Short text fragments from websites:
++++++++++

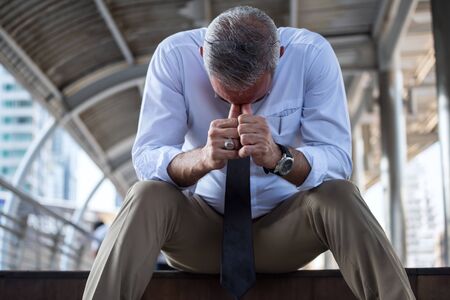 Stressed American old businessman head down and sit on stair in depressed feeling mood after failed in business and being fired. Lay off for 40s to 50s workers. Social issue during Economic recession.の写真素材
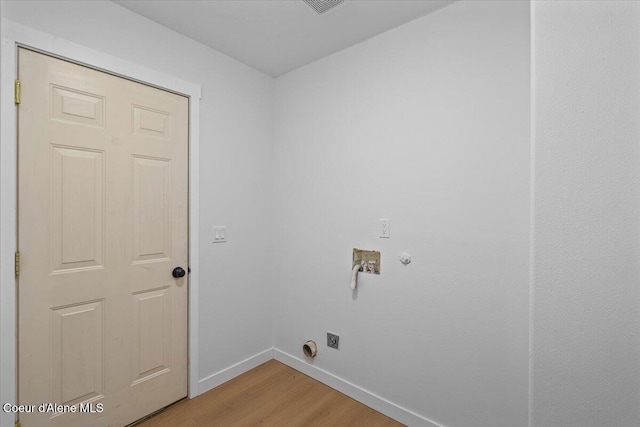 1374 W Timor Ave, Coeur Dalene, ID 83815 - laundry area featuring baseboards, light wood-style floors, washer hookup, and hookup for an electric dryer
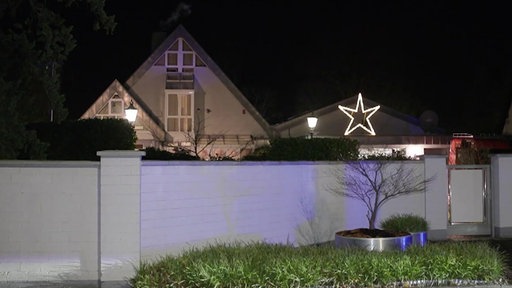 Ein Haus vor dem eine kleine Mauer steht. Es ist Nacht. 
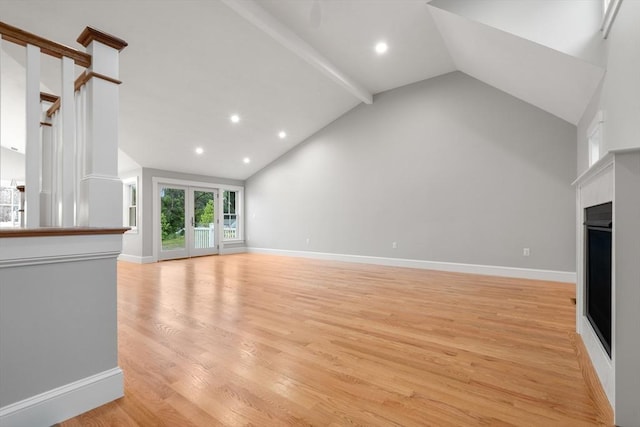 unfurnished living room with lofted ceiling with beams and light hardwood / wood-style floors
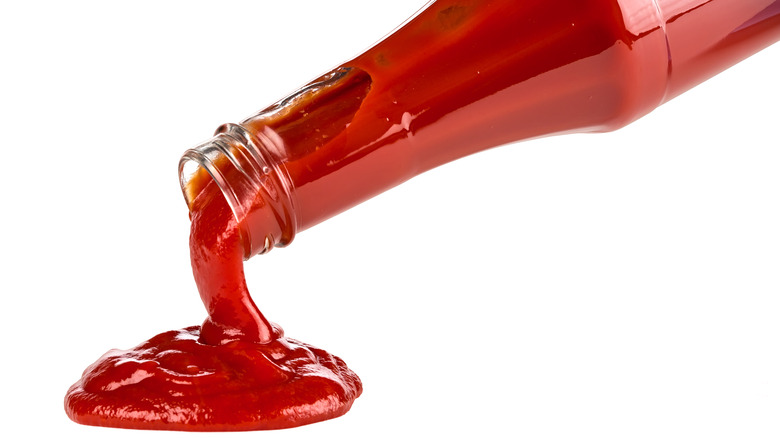 Ketchup being poured from glass bottle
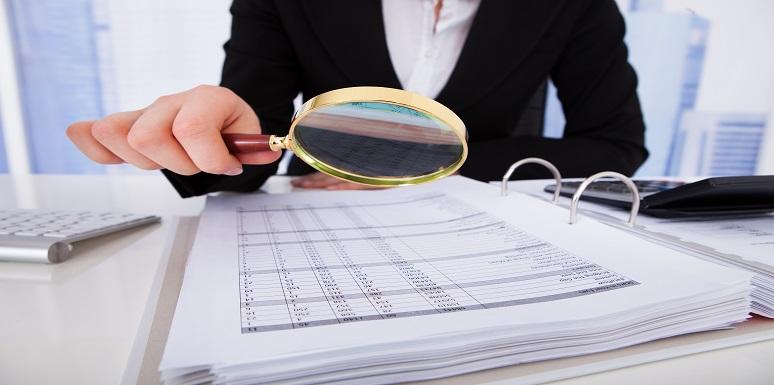 Mujer revisando con lupa documentos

++++++++++

TRY IT: Repeat the lines above, starting at the first and stopping after the line that holds "Ein Haus vor", with the pictures left out.

TASK ANSWER:
 Stressed American old businessman head down and sit on stair in depressed feeling mood after failed in business and being fired. Lay off for 40s to 50s workers. Social issue during Economic recession.の写真素材
 1374 W Timor Ave, Coeur Dalene, ID 83815 - laundry area featuring baseboards, light wood-style floors, washer hookup, and hookup for an electric dryer
 Ein Haus vor dem eine kleine Mauer steht. Es ist Nacht. 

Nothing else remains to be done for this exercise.